I'd like every record given again exactly, please.

***

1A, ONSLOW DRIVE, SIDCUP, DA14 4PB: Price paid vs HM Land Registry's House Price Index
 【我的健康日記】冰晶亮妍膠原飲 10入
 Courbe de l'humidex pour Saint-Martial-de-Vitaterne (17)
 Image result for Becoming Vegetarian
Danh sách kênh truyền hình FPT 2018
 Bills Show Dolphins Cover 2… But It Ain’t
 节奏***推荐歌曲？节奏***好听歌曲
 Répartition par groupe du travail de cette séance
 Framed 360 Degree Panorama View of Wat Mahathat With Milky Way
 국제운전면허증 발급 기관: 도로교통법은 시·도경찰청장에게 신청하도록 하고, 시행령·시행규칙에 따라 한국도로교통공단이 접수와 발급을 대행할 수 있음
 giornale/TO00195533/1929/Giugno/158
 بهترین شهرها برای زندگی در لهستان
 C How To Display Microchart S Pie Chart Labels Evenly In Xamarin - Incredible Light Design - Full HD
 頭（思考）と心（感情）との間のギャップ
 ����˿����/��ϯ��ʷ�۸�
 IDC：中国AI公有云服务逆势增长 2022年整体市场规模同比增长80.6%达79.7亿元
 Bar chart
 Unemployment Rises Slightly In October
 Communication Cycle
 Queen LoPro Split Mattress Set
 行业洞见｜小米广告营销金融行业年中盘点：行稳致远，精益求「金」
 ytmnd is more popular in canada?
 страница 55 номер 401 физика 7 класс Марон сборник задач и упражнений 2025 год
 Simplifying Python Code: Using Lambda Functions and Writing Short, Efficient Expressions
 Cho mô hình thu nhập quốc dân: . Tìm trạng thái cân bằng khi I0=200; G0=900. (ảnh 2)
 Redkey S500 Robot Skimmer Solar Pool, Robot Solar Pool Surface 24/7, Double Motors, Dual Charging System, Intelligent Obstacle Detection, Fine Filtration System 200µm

***

> _RESULT_
1A, ONSLOW DRIVE, SIDCUP, DA14 4PB: Price paid vs HM Land Registry's House Price Index
 【我的健康日記】冰晶亮妍膠原飲 10入
 Courbe de l'humidex pour Saint-Martial-de-Vitaterne (17)
 Image result for Becoming Vegetarian
Danh sách kênh truyền hình FPT 2018
 Bills Show Dolphins Cover 2… But It Ain’t
 节奏***推荐歌曲？节奏***好听歌曲
 Répartition par groupe du travail de cette séance
 Framed 360 Degree Panorama View of Wat Mahathat With Milky Way
 국제운전면허증 발급 기관: 도로교통법은 시·도경찰청장에게 신청하도록 하고, 시행령·시행규칙에 따라 한국도로교통공단이 접수와 발급을 대행할 수 있음
 giornale/TO00195533/1929/Giugno/158
 بهترین شهرها برای زندگی در لهستان
 C How To Display Microchart S Pie Chart Labels Evenly In Xamarin - Incredible Light Design - Full HD
 頭（思考）と心（感情）との間のギャップ
 ����˿����/��ϯ��ʷ�۸�
 IDC：中国AI公有云服务逆势增长 2022年整体市场规模同比增长80.6%达79.7亿元
 Bar chart
 Unemployment Rises Slightly In October
 Communication Cycle
 Queen LoPro Split Mattress Set
 行业洞见｜小米广告营销金融行业年中盘点：行稳致远，精益求「金」
 ytmnd is more popular in canada?
 страница 55 номер 401 физика 7 класс Марон сборник задач и упражнений 2025 год
 Simplifying Python Code: Using Lambda Functions and Writing Short, Efficient Expressions
 Cho mô hình thu nhập quốc dân: . Tìm trạng thái cân bằng khi I0=200; G0=900. (ảnh 2)
 Redkey S500 Robot Skimmer Solar Pool, Robot Solar Pool Surface 24/7, Double Motors, Dual Charging System, Intelligent Obstacle Detection, Fine Filtration System 200µm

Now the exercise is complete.